Re: Mercantile Mutual Custodians P/L v Village/Nine Network Rest

Case

[1999] QSC 125

11 June 1999


IN THE SUPREME COURT
OF QUEENSLAND

Brisbane  No.1823 of 1996

Before the Hon. Mr Justice Mackenzie

[re: Mercantile Mutual Custodians P/L v Village/Nine Network Rest & Ors]

BETWEEN:

MERCANTILE MUTUAL CUSTODIANS PTY LTD
  (ACN 008 508 496)
  Plaintiff

AND:

VILLAGE/NINE NETWORK RESTAURANTS &BARS PTY LTD
  (ACN 061 400 799)
  First Defendant

AND:
  VILLAGE ROADSHOW LIMITED
  (ACN 010 672 054)
  Second Defendant

AND:
  PUBLISHING AND BROADCASTING LIMITED
  (FORMERLY NINE NETWORK AUSTRALIA LIMITED)
  ACN 009 071 167)
  Third Defendant

JUDGMENT - MACKENZIE J.

Judgment delivered 11 June 1999

CATCHWORDS:          PRACTICE - leave to amend an amended defence - plaintiff's alleged failure to mitigate the loss and damage alleged to have been suffered - statement of claim - further and better particulars.

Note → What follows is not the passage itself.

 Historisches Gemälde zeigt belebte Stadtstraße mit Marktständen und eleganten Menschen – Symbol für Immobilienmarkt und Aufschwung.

Counsel:Mr Wilson QC for the applicant

Mr D Jackson QC for the respondent

Solicitors:Lees Marshall Warnick as town agents for Herbert Geer & Rundle

RWT Mann & Partners for the respondent

Hearing Date:  9 April 1999

IN THE SUPREME COURT
OF QUEENSLAND

Brisbane  No.1823 of 1996

Before the Hon. Mr Justice Mackenzie

[re: Mercantile Mutual Custodians P/L v Village/Nine Network Rest & Ors]

BETWEEN:

MERCANTILE MUTUAL CUSTODIANS PTY LTD
  (ACN 008 508 496)
  Plaintiff

AND:

VILLAGE/NINE NETWORK RESTAURANTS &BARS PTY LTD
  (ACN 061 400 799)
  First Defendant

AND:
  VILLAGE ROADSHOW LIMITED
  (ACN 010 672 054)
  Second Defendant

AND:
  PUBLISHING AND BROADCASTING LIMITED
  (FORMERLY NINE NETWORK AUSTRALIA LIMITED)
  ACN 009 071 167)
  Third Defendant

JUDGMENT - MACKENZIE J.

Judgment delivered 11 June 1999

  1. This is a summons for leave to further amend an amended defence.  The chronology handed up with the submissions shows that the action has had a lengthy and litigious history.  Most recently Ambrose J gave leave to amend the defence.  During the period when his decision was reserved there was an unsuccessful mediation. 

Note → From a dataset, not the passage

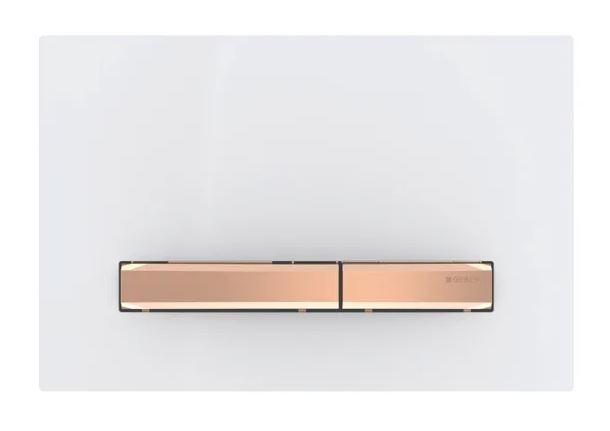 Geberit Sigma 50 Square betjeningsplade - Hvid/Rødguld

  2. On 22 February 1999 the present summons for leave to amend the defence yet again was filed.  According to the affidavit of Mr Stops, solicitor for the defendants, counsel retained by the defendants since September 1996 had become unavailable prior to the mediation because he was appearing in the Royal Commission into the Victorian gas plant disaster.  New senior counsel engaged for the mediation reviewed the pleadings and other documents and formed the view, at about the time when Ambrose J delivered his judgment, that the pleadings, even if amended in the way ultimately permitted by Ambrose J, did not accurately record the issues as between the parties. 

  3. On 23 December 1998 the plaintiff's solicitors were advised that the defendants would not be relying on the leave granted by Ambrose J and would be preparing a further defence.  On 2 February 1998 an amended defence drawn by new senior counsel was sent to them.  On 19 February 1999 the plaintiff's solicitors commented upon the draft and the defendants' solicitors responded on 15 March 1999, sending a redraft of the proposed further amended defence, taking into account the plaintiff's solicitors comments.  Further response was invited. 

  4. On 18 March 1999 the plaintiff's solicitors sent two letters.  The first replied in respect of specific paragraphs of the letter of 15 March 1999 and referred to the absence of evidence concerning  the reason for the delay in getting the pleadings in order.  The second refined one of the points made in the first letter and added further comments about one paragraph.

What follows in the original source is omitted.